Use the NeedsAiPluginManagerTrait for the boilerplate getter/setter:
use Drupal\ai\Guardrail\NeedsAiPluginManagerTrait;
use Drupal\ai\Guardrail\NonDeterministicGuardrailInterface;
class MyAiGuardrail extends AiGuardrailPluginBase implements NonDeterministicGuardrailInterface {
use NeedsAiPluginManagerTrait;
public function processInput(InputInterface $input): GuardrailResultInterface {
// Access the AI provider plugin manager.
$provider_manager = $this->getAiPluginManager();
// Get the default chat provider.
$default = $provider_manager->getDefaultProviderForOperationType('chat');
$provider = $provider_manager->createInstance($default['provider_id']);
// Make an AI call to classify the input.
$classification_input = new ChatInput([
new ChatMessage('user', 'Classify this text: ' . $text),
]);
$response = $provider->chat($classification_input, $default['model_id'], ['ai']);
// Use the classification result to decide pass/stop.
}
}
StreamableGuardrailInterface
For guardrails that need to evaluate content during streaming — before the full response has been received — implement StreamableGuardrailInterface. These guardrails hook into the stream iteration itself and can buffer suspicious portions in real-time, then decide whether to release, suppress, or rewrite them.
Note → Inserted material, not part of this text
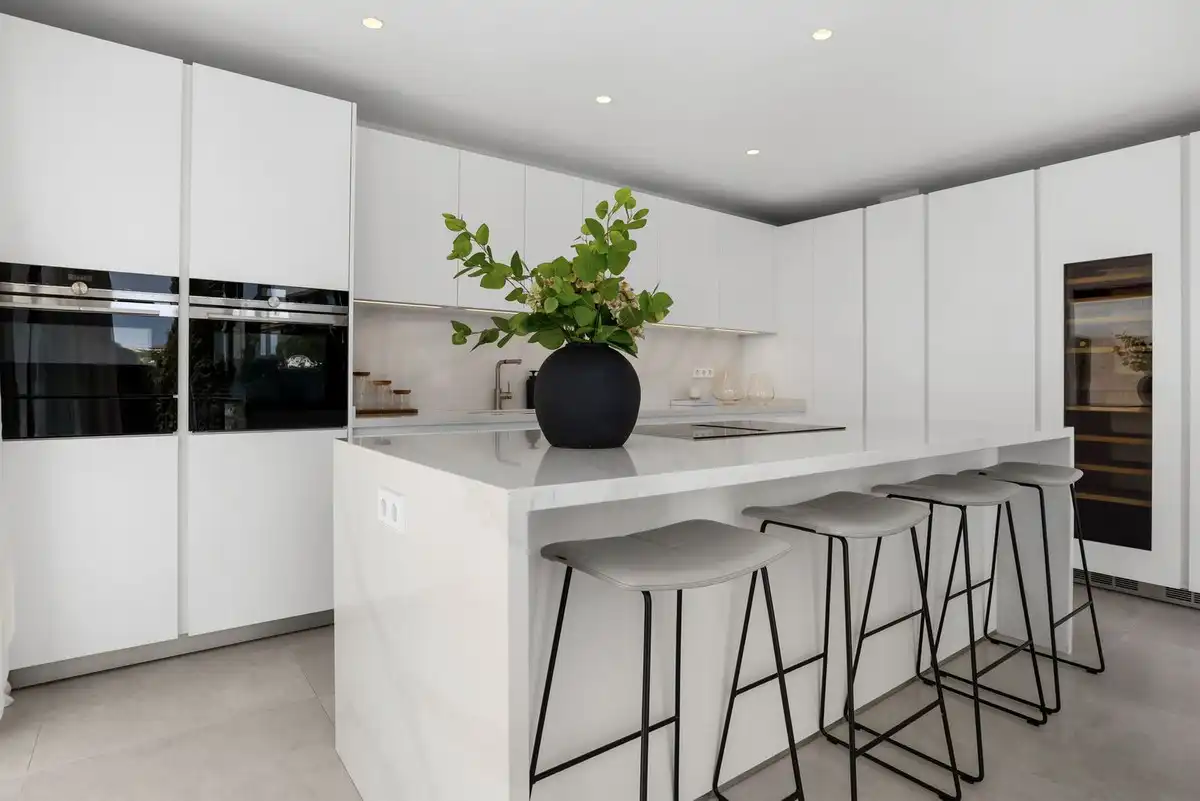 Kitchen of Houses for sale in Nueva Andalucía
This is the right interface when you need to stop harmful content from reaching the user mid-stream rather than waiting for the full response.
How it Works
- Each incoming chunk of streamed text is checked against the pattern returned by
getStartRegex(). IfgetStartRegex()returns an empty string, the guardrail treats the very first chunk as a match and activates immediately. Otherwise, the guardrail accumulates chunks in an internal buffer and checks the combined text against the start regex on each chunk. - Because a start pattern can be split across two consecutive chunks (e.g.
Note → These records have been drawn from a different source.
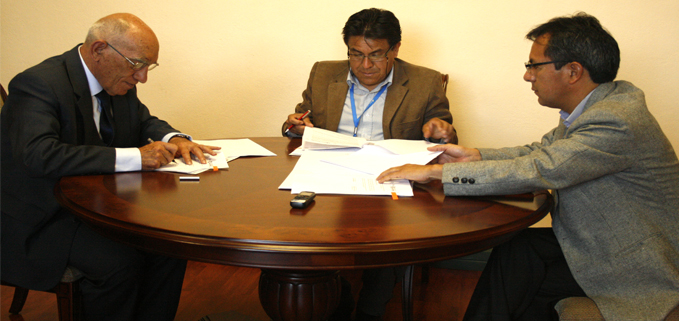 Firma del convenio con la participación del Padre Javier Herrán Gómez, rector de la UPS (I), Guillermo Espinoza, alcalde de Biblián y Edgar Gordillo, director de PACES.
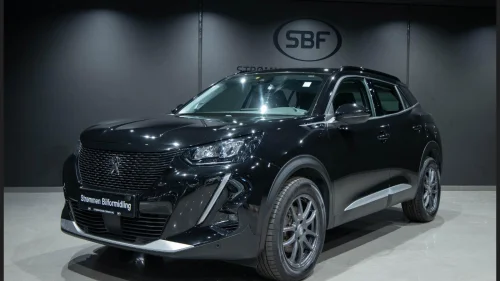 PEUGEOT 2008 136HK ALLURE/ACC/RYGGEKAMERA/NAVI/CARPLAY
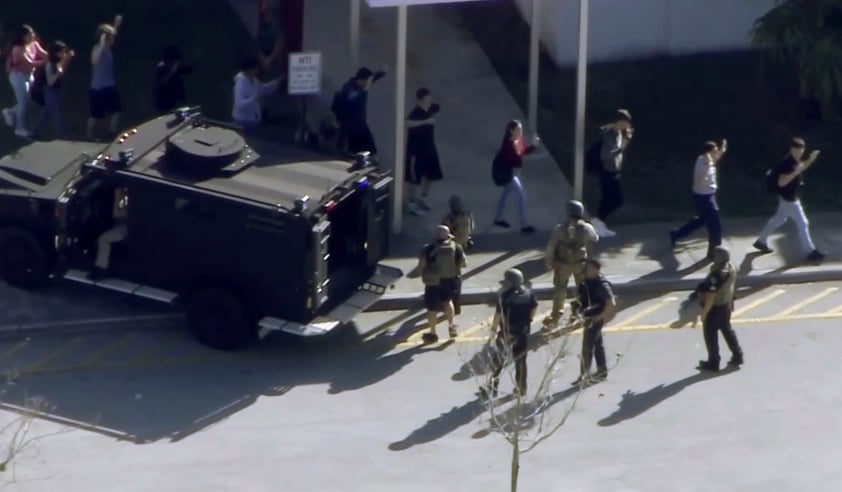 Al menos 17 personas murieron hoy en el tiroteo registrado en la escuela secundaria Marjory Stoneman Douglas de la ciudad de Parkland, en el sureste de Florida, según informó la Policía.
<stafollowed byrt>), the guardrail system does not pass the full buffer to the consumer straight away. Instead, it only passes content up to the last sentence boundary (period or newline) and holds the remainder back for the next chunk. If no sentence boundary exists yet, nothing is passed to the consumer until one appears or the start regex matches. - Once
getStartRegex()matches, the guardrail becomes active. From this point all incoming chunks are held in the buffer and nothing reaches the consumer. - While active, each new chunk is appended to the buffer and the full buffer is tested against
getStopRegex(). When the stop regex matches,processStreamedBuffer()is called with everything that was buffered since activation. The return value decides what the consumer receives: pass the original content through (PassResult), replace it with a different message (RewriteOutputResult), or suppress it entirely (StopResult). - If the buffer grows beyond
maxGuardrailBufferSize(default 8,192 characters) before the stop regex matches,processStreamedBuffer()is called immediately to prevent unbounded memory growth. - When the stream ends, any content that was buffered while the guardrail was active is passed to
processStreamedBuffer(). Any content that was buffered while the guardrail was inactive (held back waiting for a sentence boundary that never arrived) is passed to the consumer as-is to prevent data loss.
Minimal Example
<?php
declare(strict_types=1);
namespace Drupal\my_module\Plugin\AiGuardrail;
use Drupal\ai\Attribute\AiGuardrail;
use Drupal\ai\Guardrail\AiGuardrailPluginBase;
use Drupal\ai\Guardrail\Result\GuardrailResultInterface;
use Drupal\ai\Guardrail\Result\PassResult;
use Drupal\ai\Guardrail\Result\StopResult;
use Drupal\ai\Guardrail\StreamableGuardrailInterface;
use Drupal\ai\OperationType\InputInterface;
use Drupal\ai\OperationType\OutputInterface;
use Drupal\Core\StringTranslation\TranslatableMarkup;
/**
* Blocks any content wrapped in [SENSITIVE]…[/SENSITIVE] during streaming.
*/
#[AiGuardrail(
id: 'sensitive_block_stream',
label: new TranslatableMarkup('Sensitive Block (streaming)'),
description: new TranslatableMarkup('Suppresses content between [SENSITIVE] markers during streaming.'),
)]
class SensitiveBlockStream extends AiGuardrailPluginBase implements StreamableGuardrailInterface {
public function getStartRegex(): string {
return '/\[SENSITIVE\]/';
}
public function getStopRegex(): string {
return '/\[\/SENSITIVE\]/';
}
public function processStreamedBuffer(string $buffered_content): GuardrailResultInterface {
// Content between the markers is suppressed.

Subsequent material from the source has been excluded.